Tarryn-Leigh Solomons
South Africa’s chrome industry is facing its most significant regulatory shake-up in years as government prepares to impose stricter export controls and a 25% export tax on unprocessed chrome ore. The measures aim to curb illegal mining, stimulate domestic beneficiation, and revive the struggling ferrochrome sector.
While some in the industry welcome government efforts to restore order, others warn the proposals could backfire — threatening investment, jobs, and mining viability.
Crackdown on Illegal Chrome Mining
The policy shift follows a renewed drive to combat illegal chrome operations, particularly in Limpopo and the North West.
Key enforcement and regulatory actions include:
· Increased law enforcement targeting illegal miners, chrome stockpiles, and unlicensed transporters.
· Export permit requirements through the International Trade Administration Commission (ITAC), demanding proof of legal origin and environmental compliance.
· Seizure of assets such as trucks, trailers, and chrome stock to disrupt illegal supply chains.
The Department of Trade, Industry and Competition (DTIC) confirmed that chrome ore exports will soon require permits.

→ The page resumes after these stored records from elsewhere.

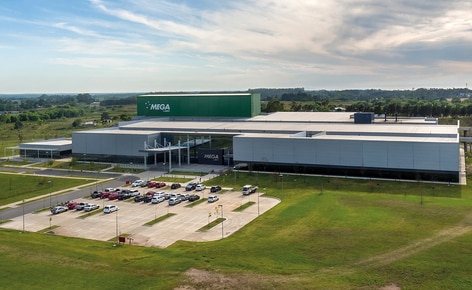 A farmacêutica Mega Pharma se posiciona na vanguarda tecnológica com um armazém autoportante completamente automático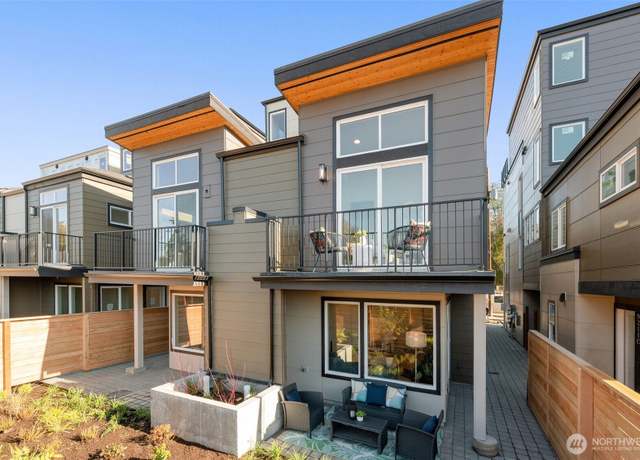 Property at 9217 B Densmore Ave N, Seattle, WA 98103, 2 beds, 1 bath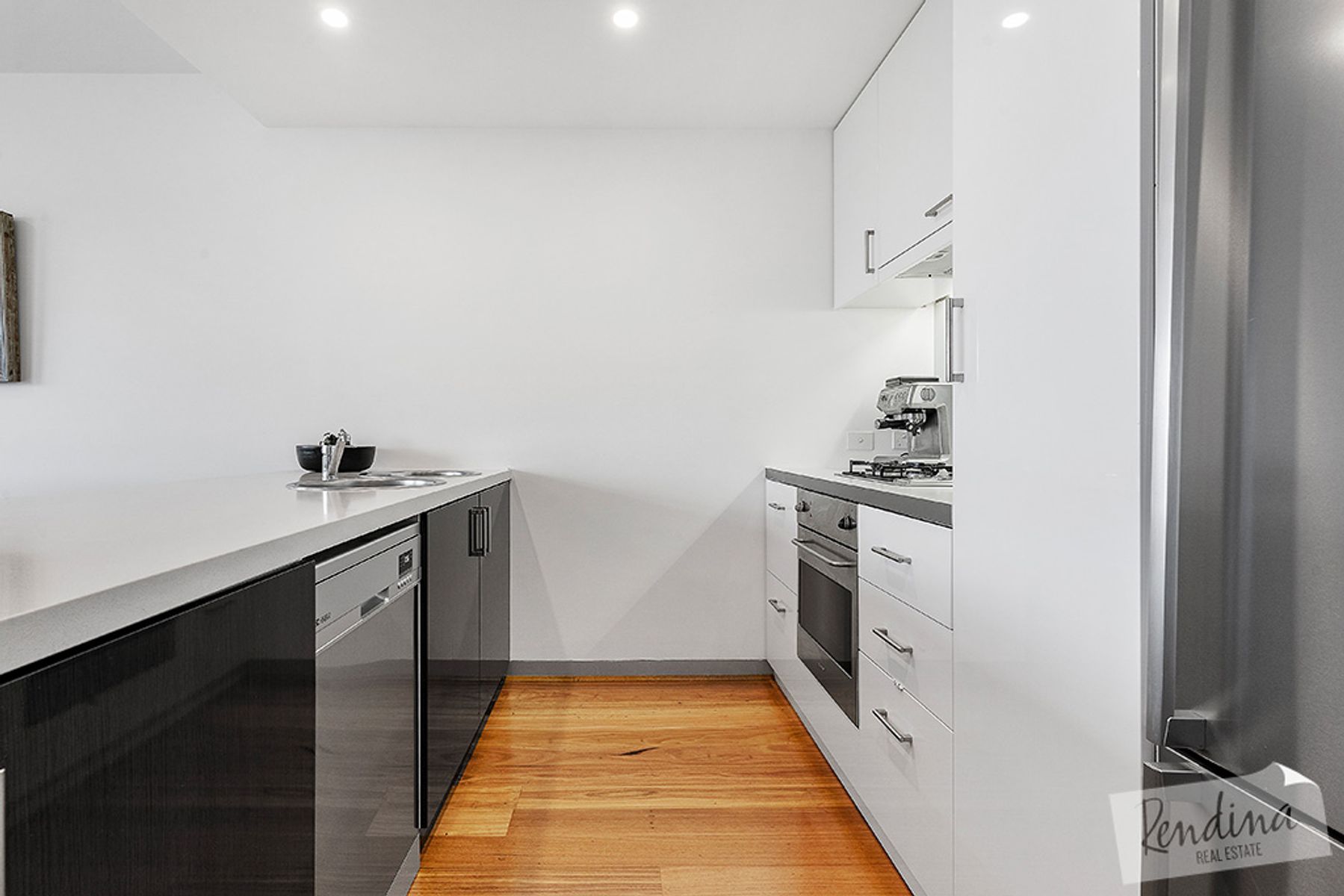 4/4 Horizon Drive, Maribyrnong - Thumbnail 2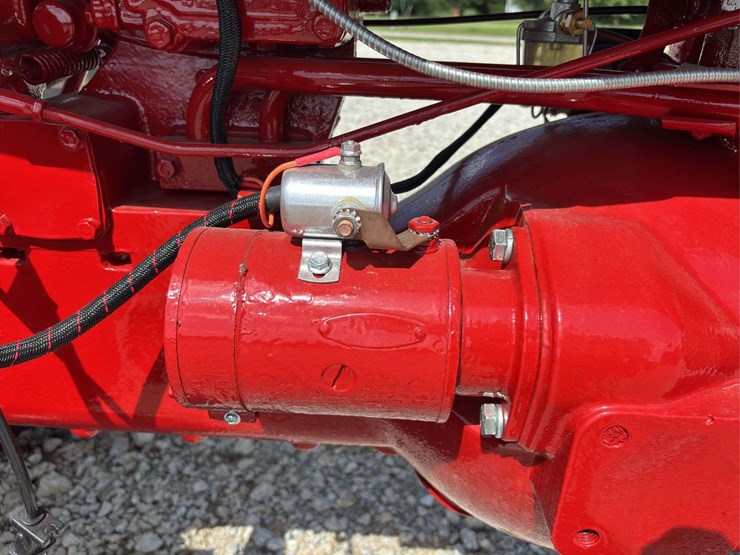 farmall-240-image-19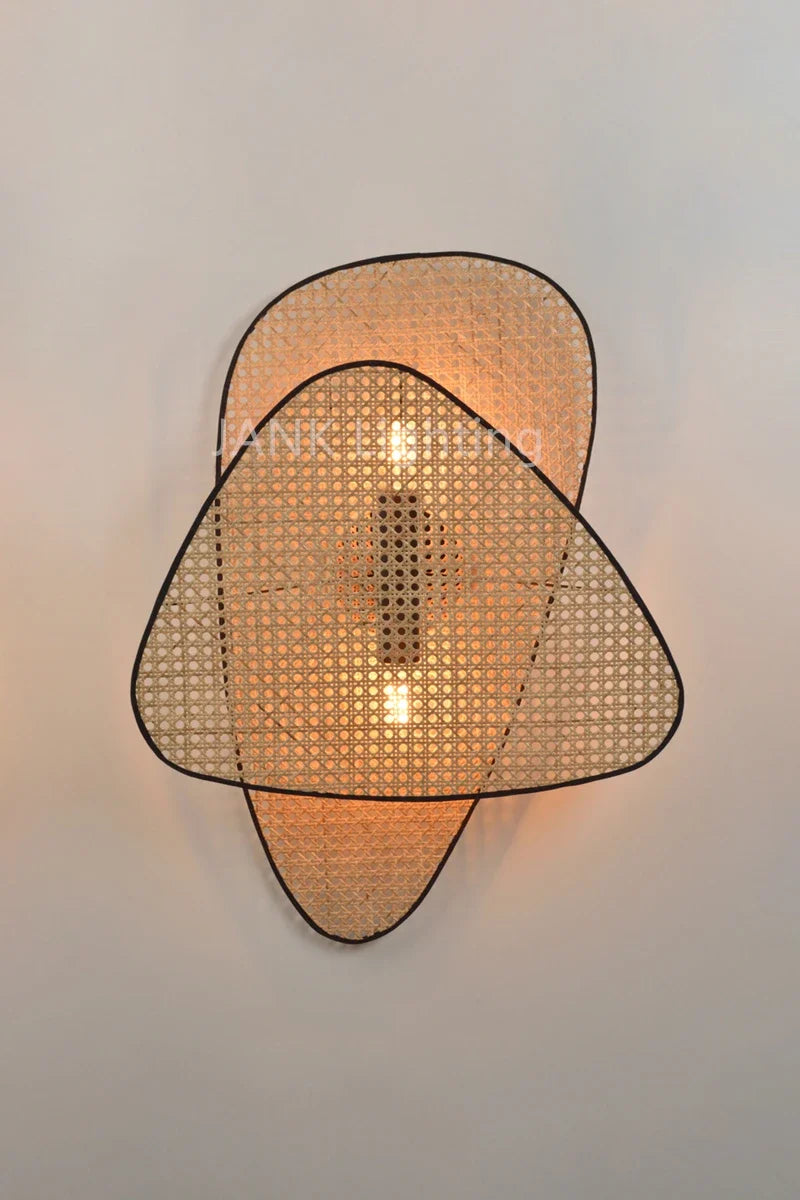 Lampadario in rattan e bambù dal design moderno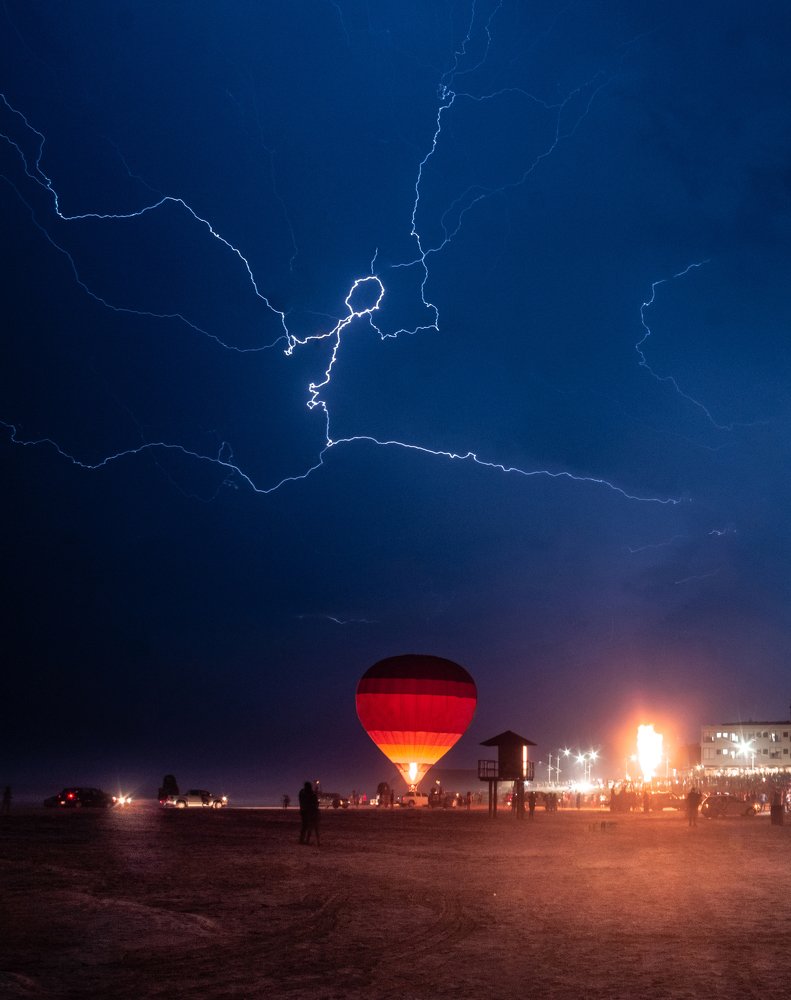 Lightning and hot air balloon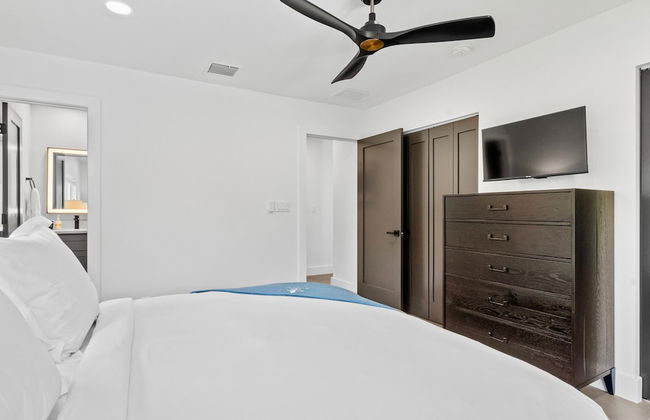 Stunning Poolside Luxury Retreat - Foto 8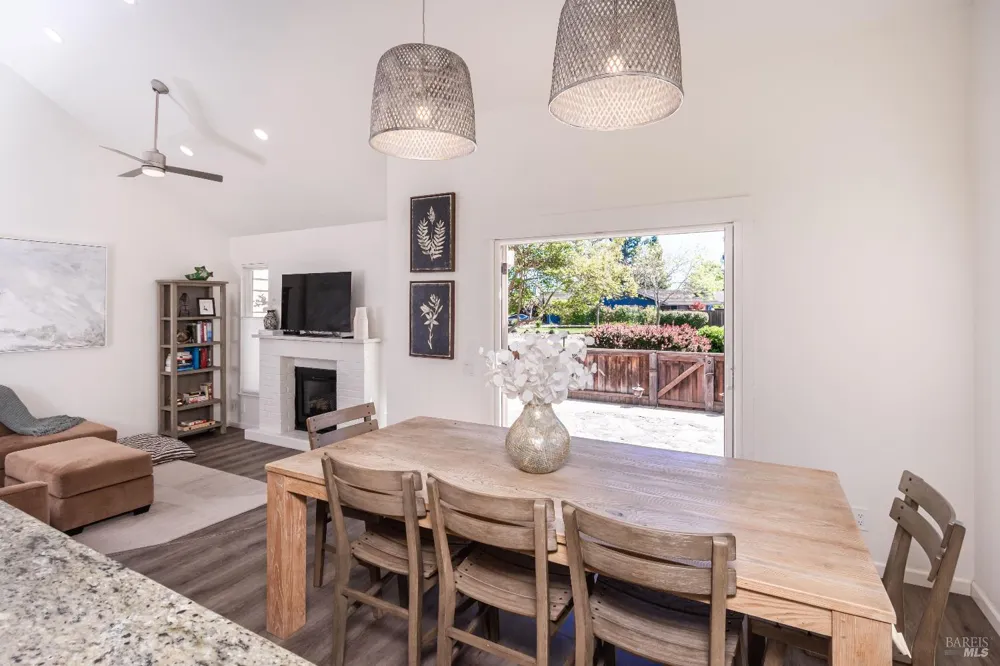 1913 Hopper Way Yountville, CA 94599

The draft regulations are open for public comment until 31 October 2025, with implementation expected soon after.
“We cannot allow a strategic national resource to be stripped out of the country without oversight or beneficiation,” said Parks Tau, Minister of Trade, Industry and Competition. “Export control will help restore order to the chrome sector and rebuild confidence in legitimate operations.”
Proposed 25% Export Tax: Beneficiation or Burden?
Alongside export controls, Cabinet has supported a 25% export levy on raw chrome to encourage domestic smelting and value-added processing.
This aligns with government’s industrial development goals and seeks to rebuild the ferrochrome sector, which has struggled with rising energy costs, global overcapacity, and underinvestment.
Government is also considering:
· Electricity tariff relief for smelters that suspended operations due to high power prices.
· Expansion of Special Economic Zone (SEZ) incentives to make beneficiation financially viable.
Industry Pushback
Producers and the Minerals Council South Africa argue the real barrier is energy — not ore availability.
“An export tax will not save ferrochrome. It will make mining less viable, reduce investment, and cost jobs,” the Minerals Council warned earlier this year.
With many smelters already offline, industry voices caution that levies without energy reform could cause mine closures, job losses, and capital flight.
Analysts add that delays in implementing export controls since mid-2024 have allowed illegal exports to thrive. Up to 10% of South Africa’s chrome output — roughly 2.7 million tons — is believed to move through informal or illegal channels.
Global Competition Mounts
South Africa’s share of global ferrochrome production has declined as China and Kazakhstan expand smelting capacity, supported by low energy costs and pro-industry policies. This makes it crucial for South Africa’s chrome policy to balance beneficiation goals with mining viability.
Balancing Beneficiation and Viability
The chrome sector generated around R85 billion in export revenue in 2024 and employs about 25 000 people.
If well managed, the new measures could:
· Rein in illegal mining
· Stabilise the legal chrome value chain
· Stimulate downstream investment
If not, excessive restrictions and unresolved power pricing could see legal producers downscale or exit the market — worsening decline and unemployment.
The broader socio-economic factors driving illegal mining, including poverty and limited land access, must also be addressed to achieve lasting reform.
What’s Next
· Public consultation on export permits runs until 31 October 2025.
· Final regulations will be gazetted shortly after.
· The 25% export levy timeline remains under review.
As policymakers weigh their next steps, the chrome industry faces a defining moment: can beneficiation ambitions succeed without undermining mining viability? The answer will shape whether South Africa reclaims its role as a global ferrochrome leader or continues to lose ground.